New Book Series: Law, Culture and Justice (Bristol Uni Press)

by | 10 Oct 2025

We are delighted to announce a new series to foster critical, theoretically and methodologically innovative, culturally informed work on law and justice. The pursuit of social order and aspirations of justice have always been articulated within a cultural context in which narratives, myths, fantasies, imaginaries and modes of representation are central to the construction and dissemination of legal meanings. There has been a recent flourishing of scholarship that recognises and explores the richness of the cultural lives of law and justice, attending to the aesthetic, affective and symbolic dimensions of legal texts, practices and institutions. 

This series will provide a home for work that examines the cultural significance of law and justice, and will support the development of this new, urgent and creative strand to legal and social thought.

This series aims to publish and support work that is:

  • Critical, in the sense that it seeks to scrutinise, problematise, unsettle and/or uproot dominant positions and understandings both within and beyond specific fields of scholarship;
  • Theoretically and methodologically innovative, providing rich and nuanced accounts and expressions of ideas, practices, processes and experiences, as well as their trajectories, genealogies and legacies;
  • Concerned with the cultural dimensions of law and/or justice, including studies of narratives, storytelling, imaginaries, myths, aesthetics, affect, emotions, materiality, and so on; 
  • Informed by a broad and contextual understanding of ‘law’ and/or ‘justice’, in which legal and/or justice processes, practices and institutions are understood to be key sites in the construction, reproduction, representation and dissemination of socio-cultural meaning;
  • Pluralistic in its understanding and appreciation of culture, embracing a variety of cultural artefacts and modes of analysis, and that actively resists elitist gatekeeping stances, especially those associated with so-called ‘high culture’. This pluralistic approach will be reflected both in the content and form of the work published in the series.

Series Aims and Policy

This series will recognise and support an emerging area of scholarship which examines the cultural dimensions of law and justice. While there is much work published in this area, it is often seen as isolated efforts within fields dominated by alternative approaches. Alternatively, culturally informed work is frequently subsumed under other, either narrower fields such as ‘law and literature’, or within broader categories like ‘law and society’ or ‘socio-legal studies’. This series seeks to acknowledge the distinctiveness of research that takes up explicitly cultural themes and problematics but aims to move beyond an approach that puts two or more disciplines into conversation, as much ‘law and…’ scholarship tends to do. Instead, the series will champion an understanding of law and/or justice as an indispensable aspect of cultural life and will therefore prioritise perspectives and methodologies that draw on aesthetics, affect, narratives, imaginaries, storytelling and so on as necessary dimension to understanding the meaning and significance of law and justice. The series seeks to foster and promote such efforts as part of a coherent, original and invaluable field of thought and research.

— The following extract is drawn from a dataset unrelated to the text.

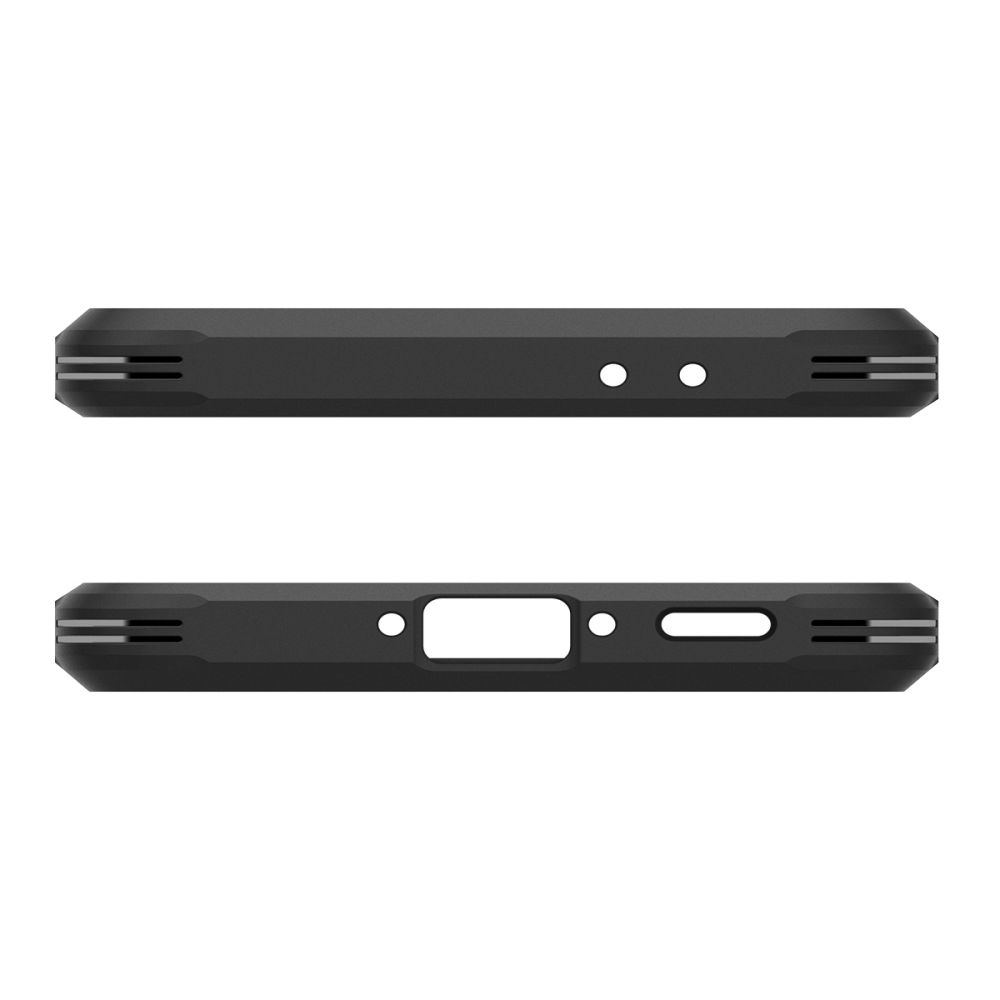 Product gallery 226970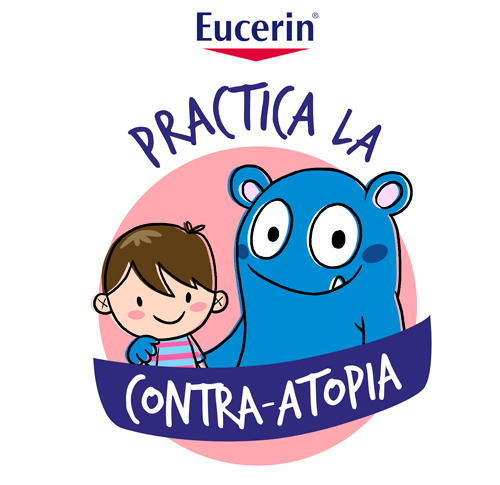 consejos-dermatitis-atopica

Books in the series will examine critical and cultural approaches to law and/or justice. Although we anticipate most books will be authored by scholars working in or around legal studies, we will also actively pursue contributions from scholars in cognate fields, particularly criminology, gender studies, postcolonial studies, and in disciplines such as cultural studies, sociology, politics, philosophy, geography and history.

Send us your proposals if this sounds like your kind of project!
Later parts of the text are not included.